Below is a listing. Write out exactly its lines between the one holding "Idées déco pour" and the one holding "kitchen with pendant", inclusive.
○ ○ ○ ○
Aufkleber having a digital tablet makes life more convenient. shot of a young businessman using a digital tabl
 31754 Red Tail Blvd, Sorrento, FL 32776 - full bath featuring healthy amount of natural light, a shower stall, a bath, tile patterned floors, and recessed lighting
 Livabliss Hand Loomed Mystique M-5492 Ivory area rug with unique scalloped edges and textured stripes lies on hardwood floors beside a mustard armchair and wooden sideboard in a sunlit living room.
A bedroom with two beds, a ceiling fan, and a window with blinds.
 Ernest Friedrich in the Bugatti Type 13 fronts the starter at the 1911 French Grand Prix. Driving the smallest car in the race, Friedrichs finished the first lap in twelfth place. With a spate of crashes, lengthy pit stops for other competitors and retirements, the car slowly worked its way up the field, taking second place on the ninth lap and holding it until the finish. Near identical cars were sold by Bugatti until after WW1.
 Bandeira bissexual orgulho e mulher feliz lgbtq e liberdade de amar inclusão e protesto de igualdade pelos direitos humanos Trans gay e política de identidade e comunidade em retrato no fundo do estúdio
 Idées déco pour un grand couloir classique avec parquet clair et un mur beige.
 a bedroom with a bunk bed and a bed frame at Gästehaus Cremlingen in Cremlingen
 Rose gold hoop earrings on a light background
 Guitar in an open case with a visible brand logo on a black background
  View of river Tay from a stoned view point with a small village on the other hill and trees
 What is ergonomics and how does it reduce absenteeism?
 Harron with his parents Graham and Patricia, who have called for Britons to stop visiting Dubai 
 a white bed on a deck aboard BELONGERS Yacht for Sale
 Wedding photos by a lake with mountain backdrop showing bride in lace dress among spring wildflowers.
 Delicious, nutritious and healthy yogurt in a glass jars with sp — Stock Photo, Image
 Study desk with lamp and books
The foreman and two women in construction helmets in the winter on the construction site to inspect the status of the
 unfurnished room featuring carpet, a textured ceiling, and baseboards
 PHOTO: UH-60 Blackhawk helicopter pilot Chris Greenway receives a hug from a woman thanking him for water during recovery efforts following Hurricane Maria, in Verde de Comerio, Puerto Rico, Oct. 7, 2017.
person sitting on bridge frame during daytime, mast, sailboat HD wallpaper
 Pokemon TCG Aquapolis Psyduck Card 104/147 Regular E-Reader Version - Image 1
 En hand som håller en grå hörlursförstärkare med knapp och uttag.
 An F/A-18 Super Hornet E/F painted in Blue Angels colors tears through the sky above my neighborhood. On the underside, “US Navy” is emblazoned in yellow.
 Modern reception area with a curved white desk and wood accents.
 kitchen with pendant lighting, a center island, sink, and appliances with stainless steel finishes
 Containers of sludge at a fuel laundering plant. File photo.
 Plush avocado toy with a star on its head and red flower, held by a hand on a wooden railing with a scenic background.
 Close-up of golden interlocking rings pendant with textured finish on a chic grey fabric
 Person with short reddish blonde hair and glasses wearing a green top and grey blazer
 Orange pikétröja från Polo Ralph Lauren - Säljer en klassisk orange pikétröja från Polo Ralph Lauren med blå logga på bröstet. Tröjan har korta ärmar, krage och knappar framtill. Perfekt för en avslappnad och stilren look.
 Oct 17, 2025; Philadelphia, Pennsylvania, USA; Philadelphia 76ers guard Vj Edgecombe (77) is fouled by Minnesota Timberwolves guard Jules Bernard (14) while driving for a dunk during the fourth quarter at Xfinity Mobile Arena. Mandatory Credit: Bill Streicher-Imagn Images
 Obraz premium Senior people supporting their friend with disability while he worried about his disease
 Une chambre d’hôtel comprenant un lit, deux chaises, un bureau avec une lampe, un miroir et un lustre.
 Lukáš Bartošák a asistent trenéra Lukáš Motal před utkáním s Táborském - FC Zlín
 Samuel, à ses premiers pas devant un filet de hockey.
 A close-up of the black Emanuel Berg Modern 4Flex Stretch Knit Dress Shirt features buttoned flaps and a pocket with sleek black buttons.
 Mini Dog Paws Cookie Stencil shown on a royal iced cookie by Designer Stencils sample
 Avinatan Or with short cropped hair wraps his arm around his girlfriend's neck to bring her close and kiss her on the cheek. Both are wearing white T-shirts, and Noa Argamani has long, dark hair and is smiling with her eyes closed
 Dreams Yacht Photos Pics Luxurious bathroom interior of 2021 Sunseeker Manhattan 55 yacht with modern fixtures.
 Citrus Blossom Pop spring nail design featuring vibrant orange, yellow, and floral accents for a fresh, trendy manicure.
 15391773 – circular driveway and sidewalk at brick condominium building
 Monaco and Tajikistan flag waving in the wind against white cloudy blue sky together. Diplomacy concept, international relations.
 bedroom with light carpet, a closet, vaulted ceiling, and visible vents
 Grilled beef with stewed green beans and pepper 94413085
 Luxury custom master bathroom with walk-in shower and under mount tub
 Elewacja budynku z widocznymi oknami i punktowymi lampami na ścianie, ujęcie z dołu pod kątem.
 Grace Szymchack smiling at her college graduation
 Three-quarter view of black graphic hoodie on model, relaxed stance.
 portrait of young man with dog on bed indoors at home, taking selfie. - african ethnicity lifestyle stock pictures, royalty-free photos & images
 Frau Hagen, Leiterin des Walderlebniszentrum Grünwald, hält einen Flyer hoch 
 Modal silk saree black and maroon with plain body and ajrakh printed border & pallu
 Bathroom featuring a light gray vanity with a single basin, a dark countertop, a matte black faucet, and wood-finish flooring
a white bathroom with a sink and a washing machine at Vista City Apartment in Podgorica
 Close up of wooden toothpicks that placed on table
○ ○ ○ ○
**Result of the task**
 Idées déco pour un grand couloir classique avec parquet clair et un mur beige.
 a bedroom with a bunk bed and a bed frame at Gästehaus Cremlingen in Cremlingen
 Rose gold hoop earrings on a light background
 Guitar in an open case with a visible brand logo on a black background
  View of river Tay from a stoned view point with a small village on the other hill and trees
 What is ergonomics and how does it reduce absenteeism?
 Harron with his parents Graham and Patricia, who have called for Britons to stop visiting Dubai 
 a white bed on a deck aboard BELONGERS Yacht for Sale
 Wedding photos by a lake with mountain backdrop showing bride in lace dress among spring wildflowers.
 Delicious, nutritious and healthy yogurt in a glass jars with sp — Stock Photo, Image
 Study desk with lamp and books
The foreman and two women in construction helmets in the winter on the construction site to inspect the status of the
 unfurnished room featuring carpet, a textured ceiling, and baseboards
 PHOTO: UH-60 Blackhawk helicopter pilot Chris Greenway receives a hug from a woman thanking him for water during recovery efforts following Hurricane Maria, in Verde de Comerio, Puerto Rico, Oct. 7, 2017.
person sitting on bridge frame during daytime, mast, sailboat HD wallpaper
 Pokemon TCG Aquapolis Psyduck Card 104/147 Regular E-Reader Version - Image 1
 En hand som håller en grå hörlursförstärkare med knapp och uttag.
 An F/A-18 Super Hornet E/F painted in Blue Angels colors tears through the sky above my neighborhood. On the underside, “US Navy” is emblazoned in yellow.
 Modern reception area with a curved white desk and wood accents.
 kitchen with pendant lighting, a center island, sink, and appliances with stainless steel finishes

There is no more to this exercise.